Short axis summary presentations of myocardial perfusion are often presented in a “bull’s-eye” format similar to that in Figure 56.3. In addition, many computer programs will present the perfusion data in a semi-quantitative method. One such program uses a 20-segment model, which divides the short axis bull’s-eye into 20 segments, and grades each segment on a scale of 0 to 4. In this method, 0 is normal, 1 is mildly reduced, 2 is moderately reduced, 3 is severely reduced, and 4 is absent of activity. A summed stress score (SSS) is then calculated for the stress data as a whole. In a similar fashion, a summed rest score (SRS) and then a summed difference score (SDS) are calculated. While not infallible, the SSS is a very good, objective method to quantify the severity of the ischemia and to communicate with clinicians. A SSS of less than -4 is normal, 4 to 8 is mild, 9 to 13 is moderate, and more than 13 is severe.
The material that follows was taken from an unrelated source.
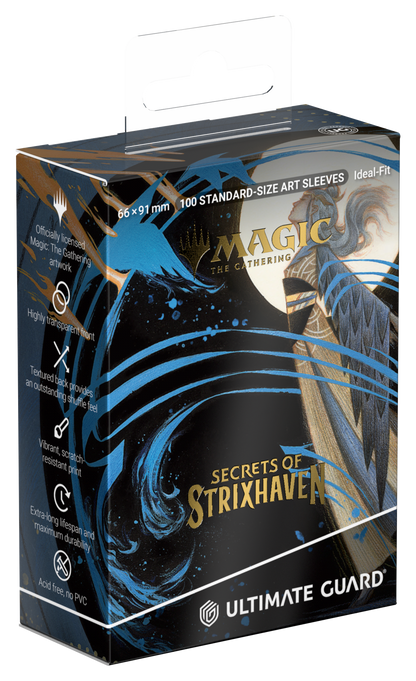 Ultimate Guard Art Sleeves MTG Secrets Of Strixhaven - Blue Mythic 3 (alt Art)
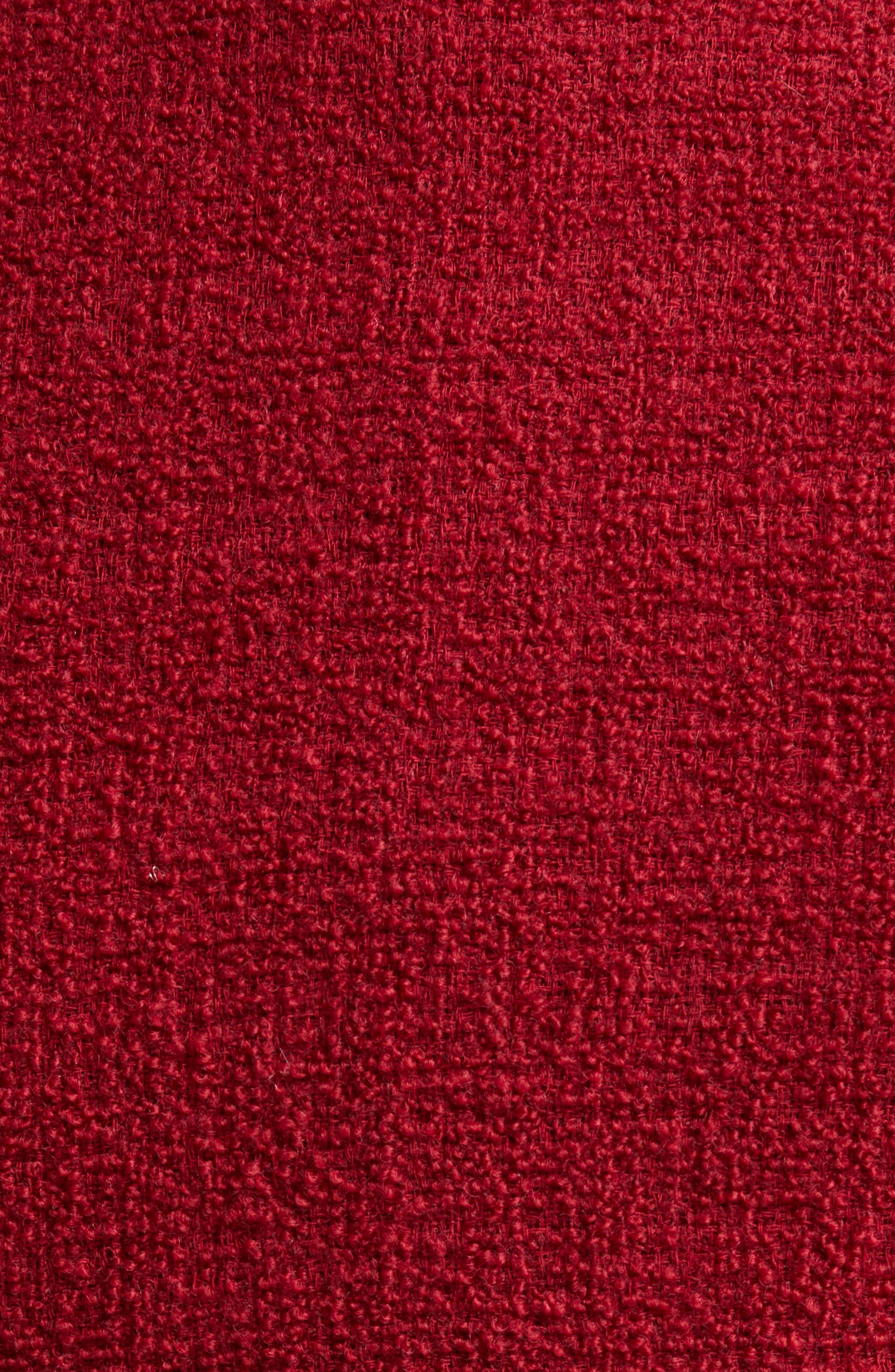 Giambattista Valli Double Breasted Wool Blend Bouclé Jacket in Titan Red at Nordstrom - 6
Some patients will have naturally recruited coronary collaterals or bypass grafts that produce apparent discrepancies between angiographic and scintigraphic studies. Abnormal anatomy in a coronary artery may not produce hemodynamically significant changes in blood flow to the myocardium and not all ischemia is produced by large vessel atherosclerosis. Capillary disease in diabetics, left bundle branch block, vasospasm, vasculitis, or cardiomyopathy (dilated or hypertrophic) may produce ischemic myocardium even with normal arteries. Ischemia may not be detected if there is inadequate exercise, inadequate pharmacological challenge, or balanced triple vessel disease. Fortunately, it is uncommon for all three coronary arteries to be hemodynamically compromised equally, and poststress dilation or decrease in LVEF will usually be present.

Hibernating Myocardium. Severe ischemia with high-grade stenosis may be so slow to “reverse” on Tl-201 imaging that it will not be detected by rest or redistribution images at 3 to 4 hours after stress. Imaging at 24 hours, or a Tl-201 second injection rest study, may be required to detect extreme ischemia secondary to very high-grade stenoses. The Tc-99m-labeled agents are routinely given as two separate injections and there is no significant washout or redistribution. Evidence has shown that rest-injected Tl-201 with delayed imaging is the best SPECT technique for detecting the severe ischemia that leads to a phenomenon known as hibernating myocardium. Hibernating myocardium is important to diagnose as it occurs with high-grade stenoses and simulates infarction by not contracting even at rest. It remains viable, however, because of collateral circulation, and will return to normal function after revascularization (Fig. 56.6). Hibernating myocardium can also be evaluated with PET FDG or contrast-enhanced MRI.

Myocardial infarction produces layers of nonperfused scar tissue which are detected as areas of thin myocardium with
decreased radiotracer uptake at both stress and rest imaging. The extent of an infarct, from subendocardial to transmural, is reflected by the size and degree of the perfusion defect (Fig. 56.7). Technical artifacts from attenuation of the perfusion agent’s radiation may be produced by breast tissue, arm positioning, and subdiaphragmatic structures. These may appear as fixed defects superimposed on planar or SPECT images. This may lead to a false-positive reading of infarction. A false-positive interpretation of ischemia should not occur as long as the artifact does not change between stress and rest imaging.